The annual Verizon Data Breach Investigations report collates information from more than 2000 confirmed breaches that hit organisations
over all over the world, it also logs information about more than 40000 spam and malware campaigns and web attacks. In light of this report,  security
expert Bryan Sartin has warned that data breaches are a “time bomb” under companies that let customer information go astray.
Mr Sartin has also said that “When it comes to account takeover, senior executives are getting hit hard right now; however on a
positive note, the report showed only 3% of those targeted fell victim, compared to 12% in the 2018 report.

Facebook Sues Rankwave

South Korean firm Rankwave is being sued by Facebook for unlawfully using data to sell marketing and advertising. The social media giant
is asking a judge to force an audit of the firm’s activity to see if user data was obtained and sold. Unable to say how much data or how
many users are affected, the move would send a message to developers that Facebook is serious about enforcing their policies. Accused of
using 30 different apps to ‘track and analyse’ comments and likes on Facebook pages, Rankwave has failed to co-operate with efforts to
verify compliance with Facebook’s policies.

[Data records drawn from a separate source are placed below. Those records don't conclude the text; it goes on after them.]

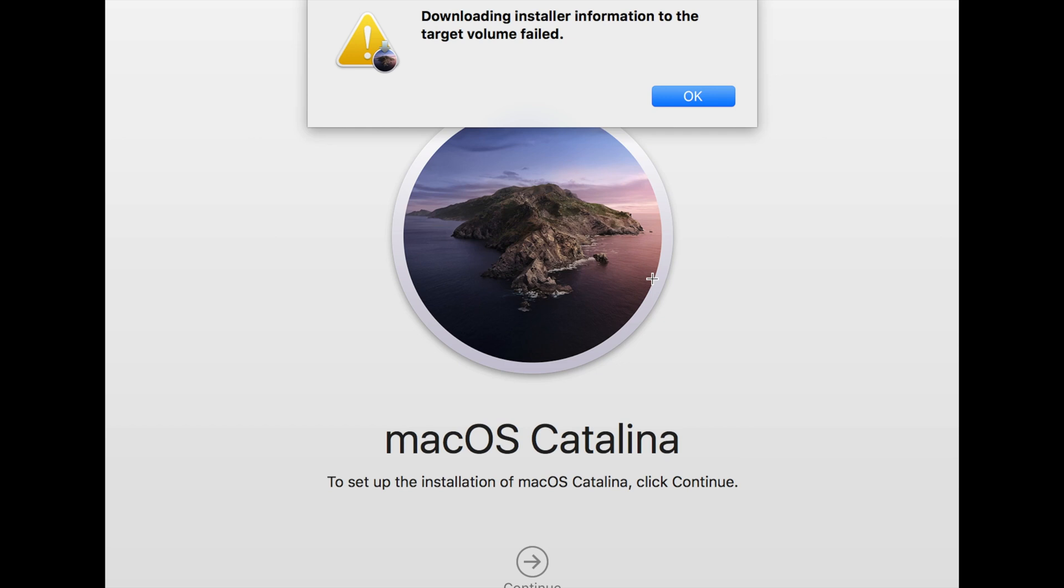Dear friends, when you are trying to install Catalina in a formatted or wiped machine, if you are getting the 'downloading installer information to the target volume failed' message, there is only one solution. You need to create a bootable USB in another Catalina machine and boot from that USB.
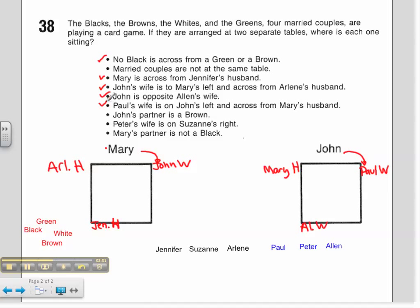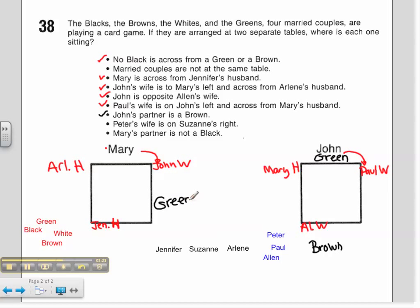I also know that John's partner is a brown. Typically in card games we are partnered with the person across from us. So I'll use my marker to show that John's partner is a brown. Once I figure that out, I know the browns are always across from the greens. So John must be John Green. And if John's wife is sitting over here, I know her last name must be Green as well.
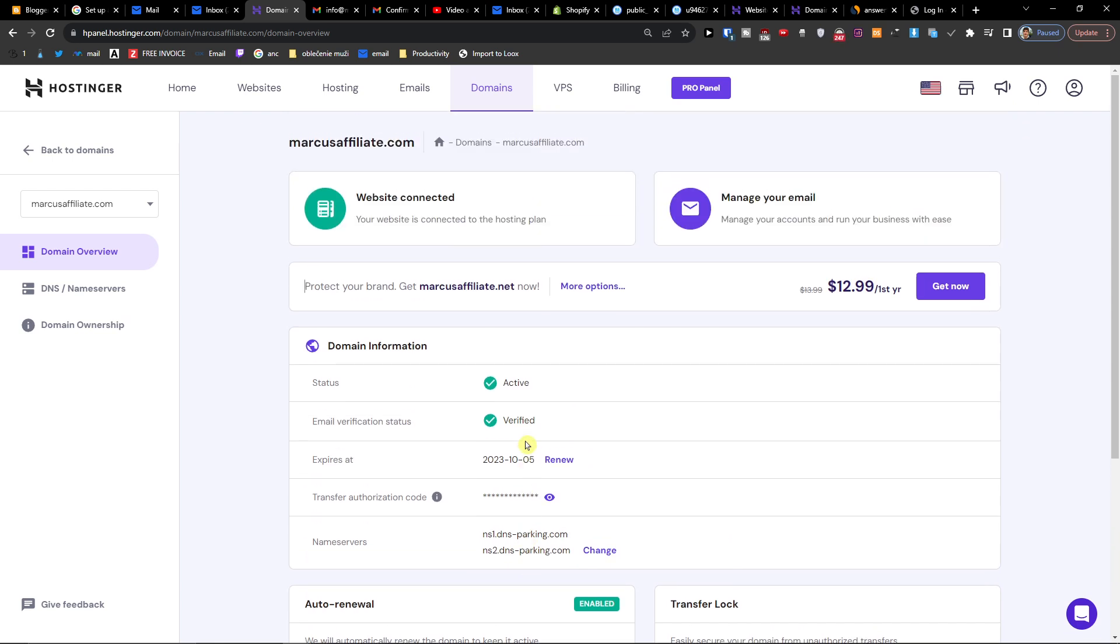But if you want to delete it from the website, you're going to click on Websites.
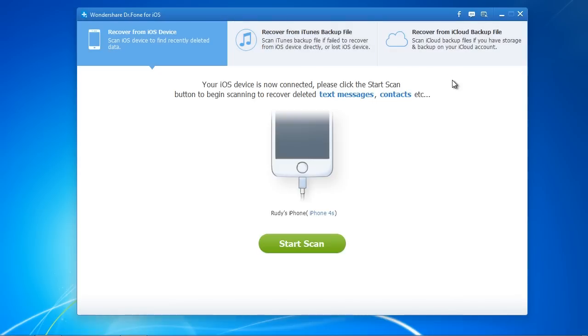For this video, we are going to recover from an iTunes backup. If, however, you didn't make a backup, plug in your iPhone and click Recover from iOS device.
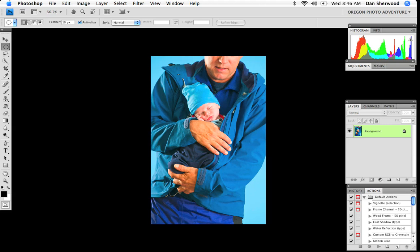The only problem is, sometimes you show up on location or in the studio for a photo shoot and you just don't have one with you, you forgot to bring it. In which case what you can do is recreate that lens baby effect using Photoshop CS4.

Facial Recognition System Rollout Rushed

In a report obtained by the ABC, the biggest mass surveillance operation known to be used by Australian Police was so rushed, it lacked
the data to operate effectively. Used in Queensland at the Commonwealth Games, it had so few specific targets that it ended up being
used for general policing which turned up only five identities out of the 268 requested. The report found that “Difficulties were
experienced in data ingestion into one of the systems with the testing and availability not available until the week the Games security
operation commenced”.

Cyber Flashing is the new iPhone Safety Threat

Australian online safety experts have issued warnings regarding a rise in the new digital phenomenon know as “cyber flashing”,
where explicit and abusive images are sent to strangers iPhones anonymously. Prevalent in schools and public places, the iPhone’s
AirDrop feature is being exploited in order to share the unsolicited images, amongst both children and adults. The AirDrop technology
allows one person to blast content onto other devices within a 20 to 30 metre radius and provides a preview of that image in enough
detail that you can see whatever the image is.

Uber raises US$8.1 Billion

In one of the biggest technology industry listings in the US Market, Uber has made its public company debut, raising AU$11.5 billion with
the completion of its initial public offering and listing on the New York Stock Exchange. Media reports put Uber, since its commenced
operating in 2009 at completing more than 10 billion rides and operating in more than 60 countries, including Australia which is
reported to have nearly 4.3 million people aged 14+ now travelling with Uber.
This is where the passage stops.